I am thinking about trying a new sub. Budget is cheaper the better but don't want junk. Seen some decent videos of the dcon10. I need smallest box possible so probably sealed. Has to do beter than or equal to my jbl power 1024. 

I am just looking around till I find out if my GTi is coming home and if it's busted or not. 

Sealed box 1 cube or less. 500-800 watts rme.


----------



## ecbmxer (Dec 1, 2010)

I have the same question! I really like the reviews I've seen of these subs, but supposedly better ported. I guess 0.9 ft3 is optimal sealed. Only thing is, you could run an ID10 at 0.5 ft3 and it might be just as good. Still waiting on other opinions, but the price is really good.


----------



## JAX (Jun 2, 2006)

price is really good. that is what caught my eye. I would rather smaller box but 1 cube is not big either. 

I just dont have $200 to spend on one...as this is a want and not a need. lol.


----------



## passtim (Sep 30, 2009)

Hey Mike, not to thread jack, but do u have a good amp repair guy local? One of my 4 channels just went into protect mode and i've troubleshot the best I could to no evail.

Thanks, Tim


----------



## dragonrage (Feb 14, 2007)

Better? Dayton Reference.

SSA = generic motors, parabolic BL... And given that the Dcon is the entry-level one that isn't even anything special for Xmax or power handling, the Dayton can easily match it.


----------



## rexroadj (Oct 31, 2008)

Just gotta be careful with spider sag .................LOL, I had too!!!!!!!!

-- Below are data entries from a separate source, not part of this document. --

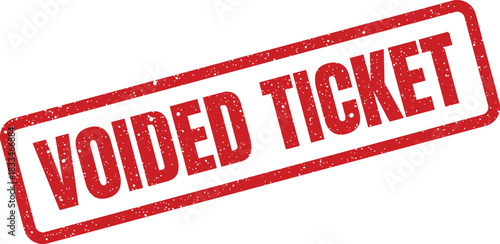 A red textured rectangular stamp impression clearly displaying the words voided ticket for official use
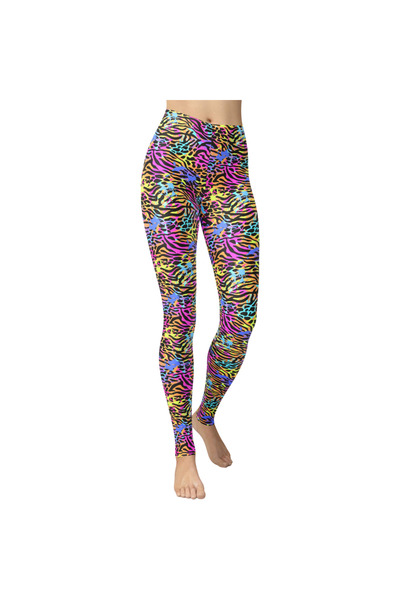 OtherMax Colanți sport casual pentru femei, stil anii '80, cu imprimeu leopar...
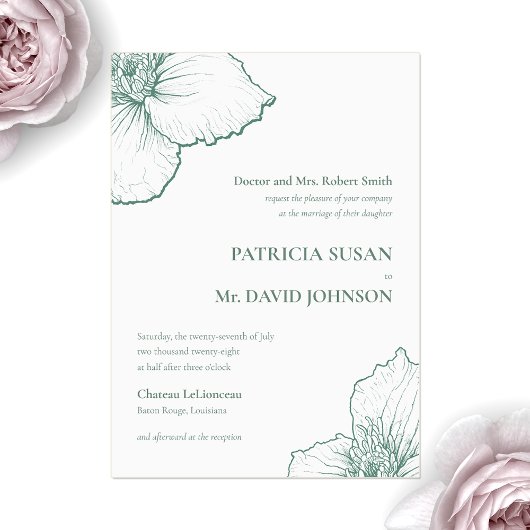 セージエレガントグリーンク描レマフローラ結婚ズ アクリル招待状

Seriously though......I have an extra G5 10" only need half a cube sealed 1.3 ported (thats what I just built for my center console It needs a new VC... I think, I havent really looked at it but the replacements can be bough online (whatever config you want....d4 or s4) for around $70 Thats the cool thing about them. You can swap out the cone/vc/etc (all one piece) if there is ever an issue or you want to change the VC configuration.....its a piece of cake!


----------



## JAX (Jun 2, 2006)

rexroadj said:


> Just gotta be careful with spider sag .................LOL, I had too!!!!!!!!
> 
> Seriously though......I have an extra G5 10" only need half a cube sealed 1.3 ported (thats what I just built for my center console It needs a new VC... I think, I havent really looked at it but the replacements can be bough online (whatever config you want....d4 or s4) for around $70 Thats the cool thing about them. You can swap out the cone/vc/etc (all one piece) if there is ever an issue or you want to change the VC configuration.....its a piece of cake!


You know I want a G5. Soon as this other mess is figured out.


----------



## JAX (Jun 2, 2006)

well. I might buy another Dayton HO. its on sale ..had one before. I didnt get around to running it but it takes a tiny box.

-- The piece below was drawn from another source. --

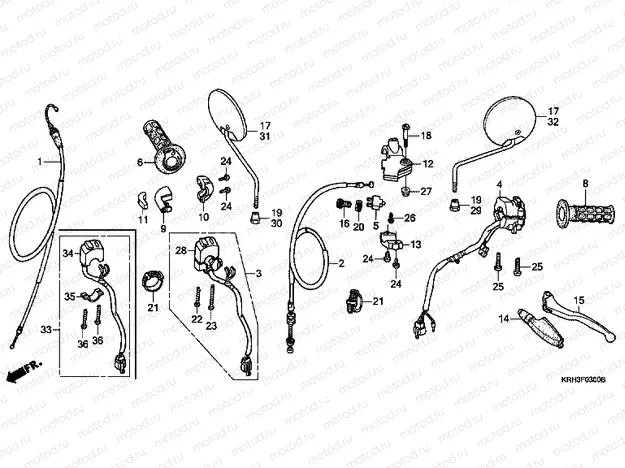 F-3 HANDLE LEVER / SWITCH / CABLE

is the Titanic III better than the HO ? 

I see a sub for sale now. anyone way a Boston 10.5lf ?

 10 INCH SUBWOOFERS | Parts-Express.com


----------



## RyanM923 (May 12, 2007)

The HO and HF are very nice woofers, especially for the price.


----------



## JAX (Jun 2, 2006)

I almost pulled the trigger on the HO but I need to see if I can make what I have work.. I am sure I can just have to make a proper box for it . I know its good enough.


----------



## Streetbeat Customz (Mar 19, 2011)

Check out the Incriminator Audio Lethal Injections!


----------